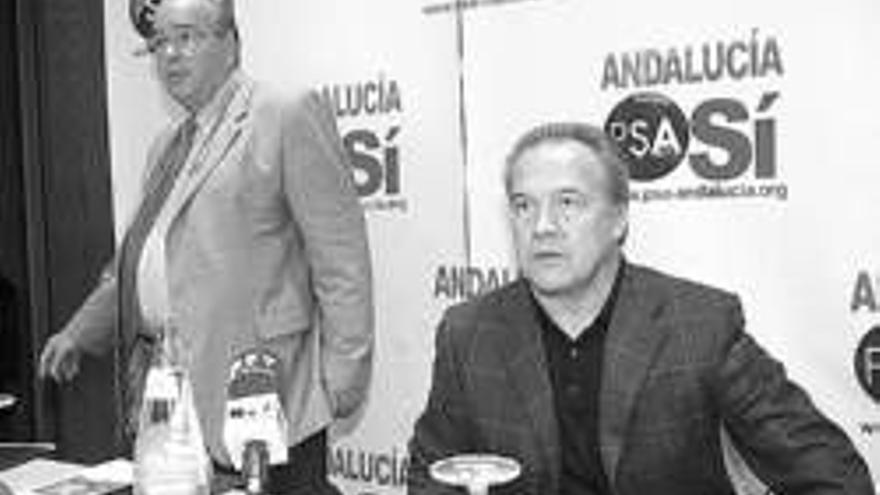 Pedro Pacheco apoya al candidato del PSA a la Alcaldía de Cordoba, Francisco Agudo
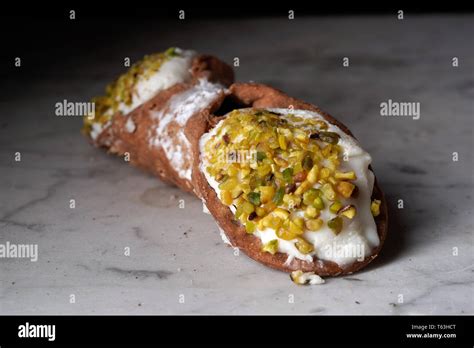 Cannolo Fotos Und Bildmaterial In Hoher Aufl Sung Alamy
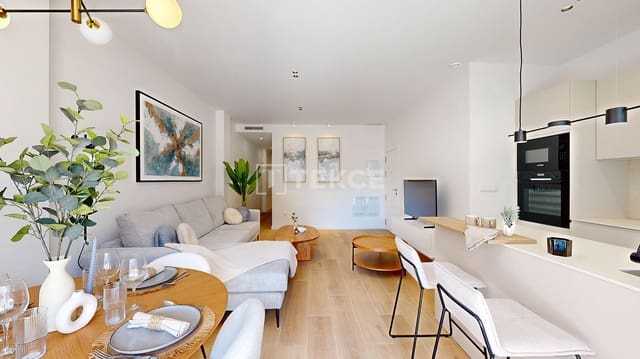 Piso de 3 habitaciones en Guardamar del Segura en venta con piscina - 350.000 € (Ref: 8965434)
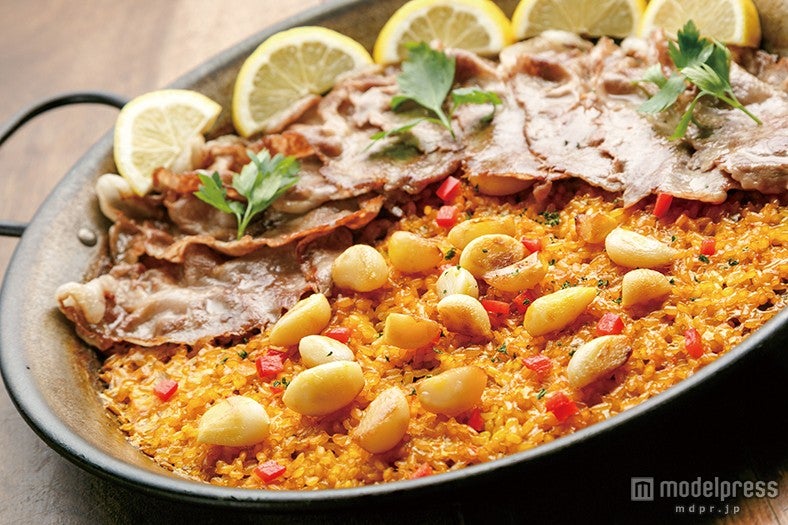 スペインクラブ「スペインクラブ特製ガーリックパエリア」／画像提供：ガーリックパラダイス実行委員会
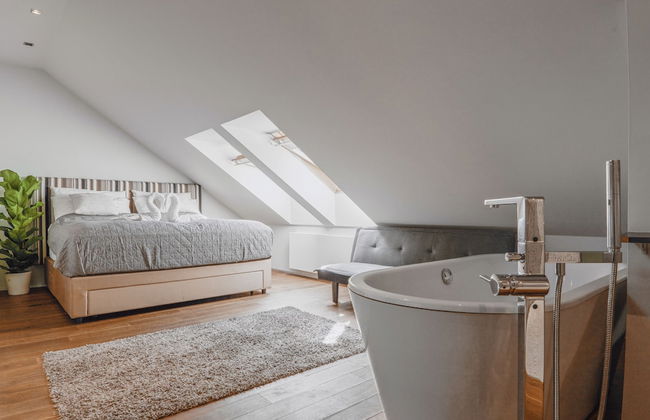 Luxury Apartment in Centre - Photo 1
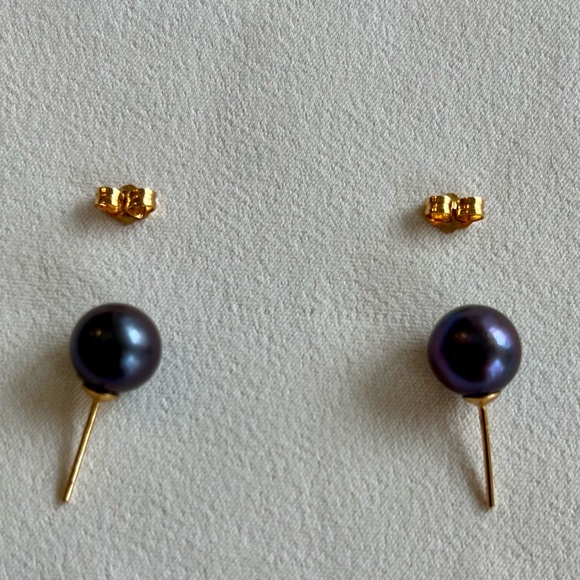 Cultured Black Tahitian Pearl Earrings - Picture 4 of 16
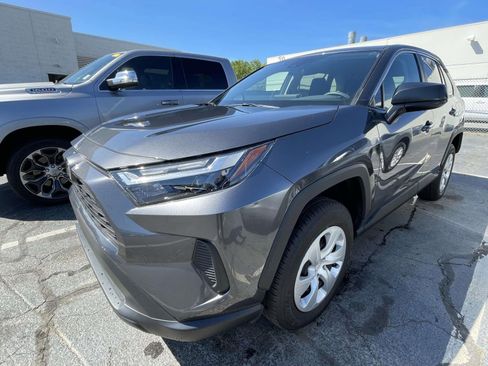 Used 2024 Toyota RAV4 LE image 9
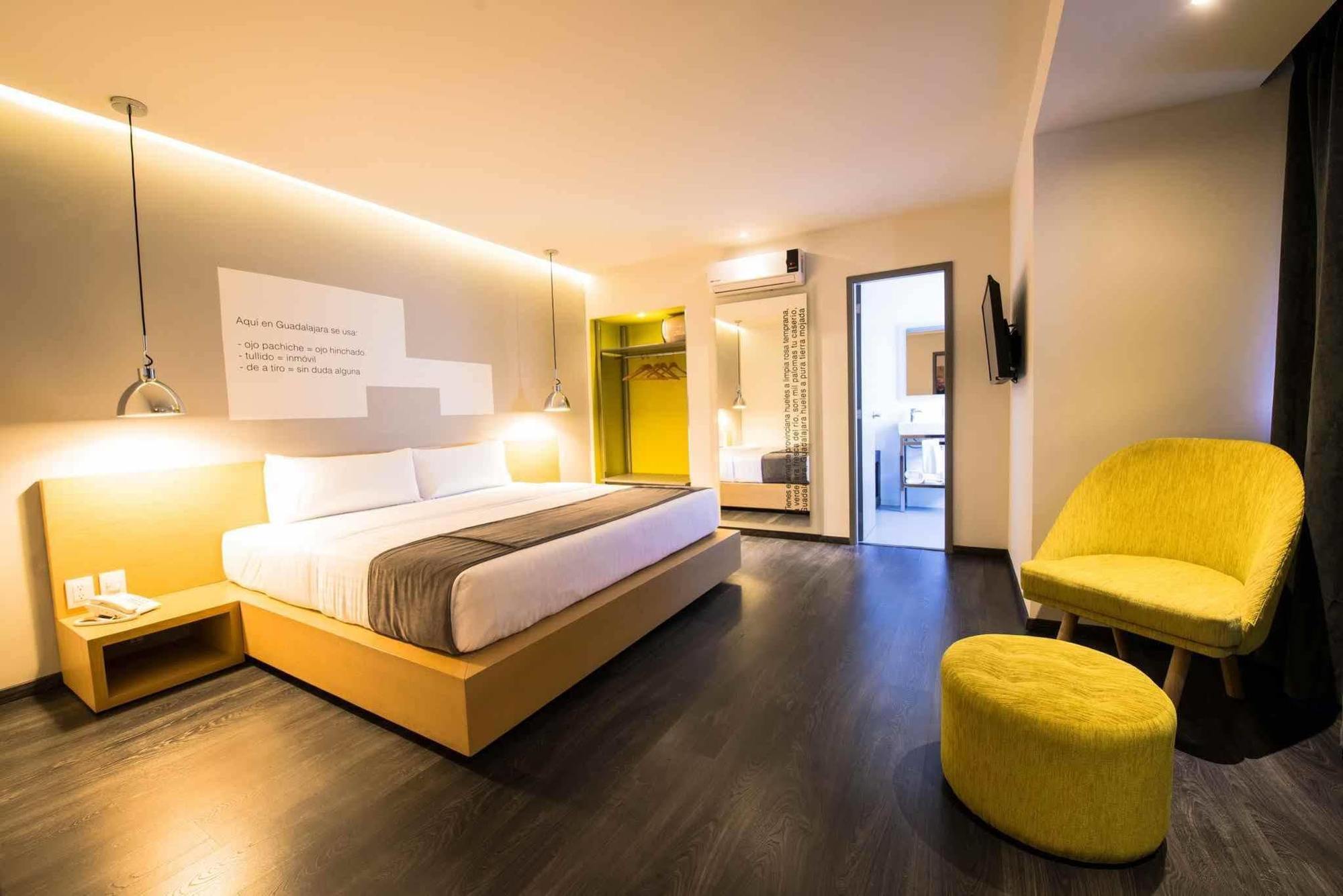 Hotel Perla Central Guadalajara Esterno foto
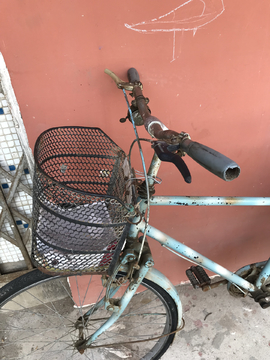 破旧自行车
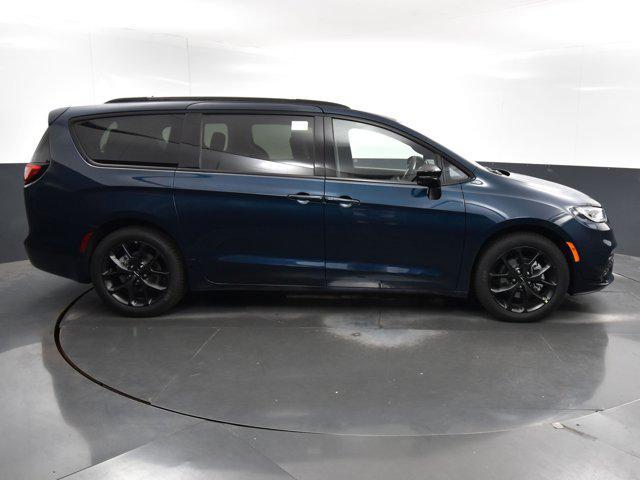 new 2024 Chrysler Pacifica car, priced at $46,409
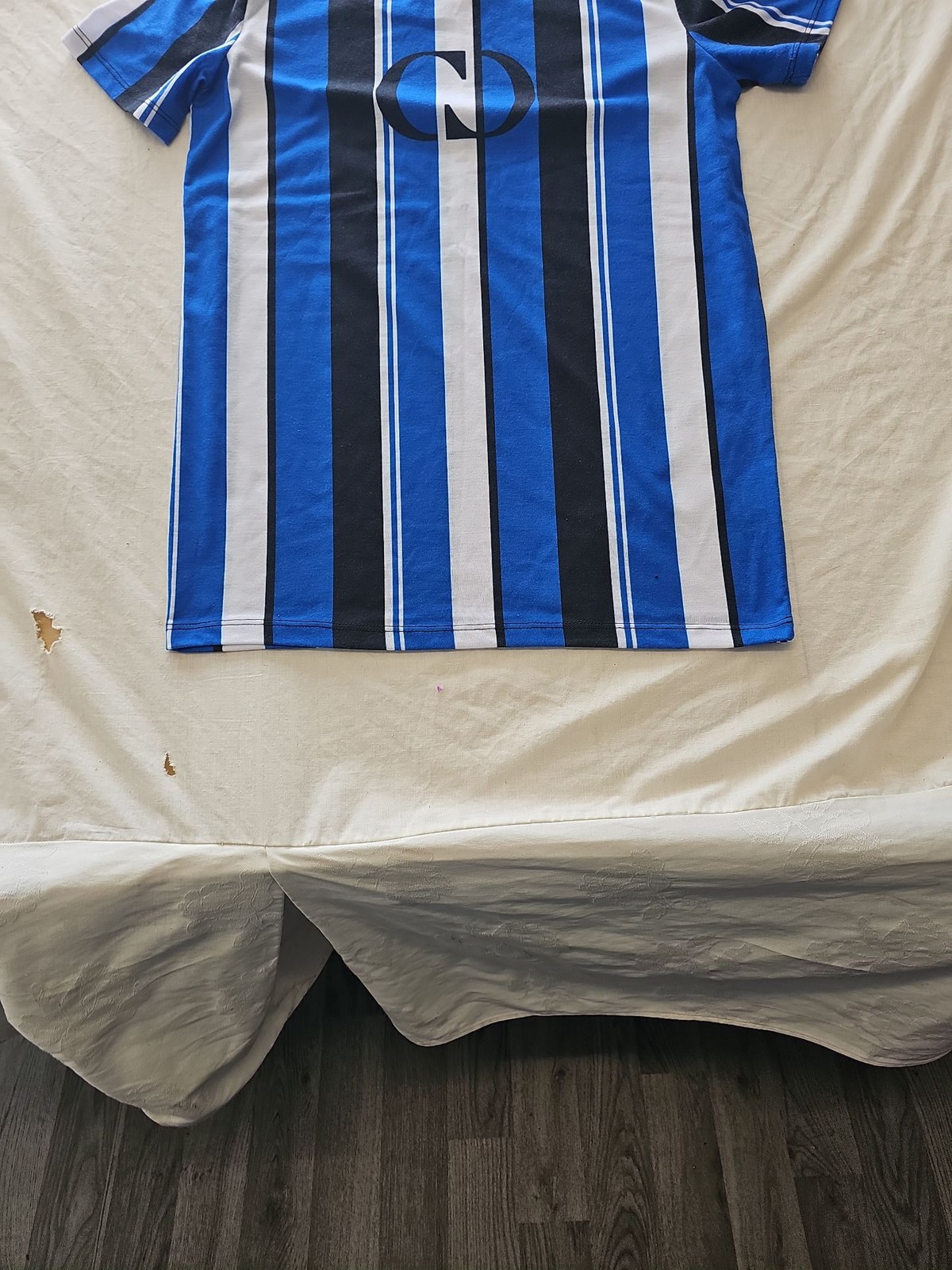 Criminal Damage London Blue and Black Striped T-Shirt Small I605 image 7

■ ■ ■ ■ ■

:: PROBLEM DETAILS ::
Could you retype all the entries exactly, skipping the pictures?

:: OUTPUT OF THE EXERCISE ::
 Pedro Pacheco apoya al candidato del PSA a la Alcaldía de Cordoba, Francisco Agudo
 Cannolo Fotos Und Bildmaterial In Hoher Aufl Sung Alamy
 Piso de 3 habitaciones en Guardamar del Segura en venta con piscina - 350.000 € (Ref: 8965434)
 スペインクラブ「スペインクラブ特製ガーリックパエリア」／画像提供：ガーリックパラダイス実行委員会
 Luxury Apartment in Centre - Photo 1
 Cultured Black Tahitian Pearl Earrings - Picture 4 of 16
 Used 2024 Toyota RAV4 LE image 9
 Hotel Perla Central Guadalajara Esterno foto
 破旧自行车
 new 2024 Chrysler Pacifica car, priced at $46,409
 Criminal Damage London Blue and Black Striped T-Shirt Small I605 image 7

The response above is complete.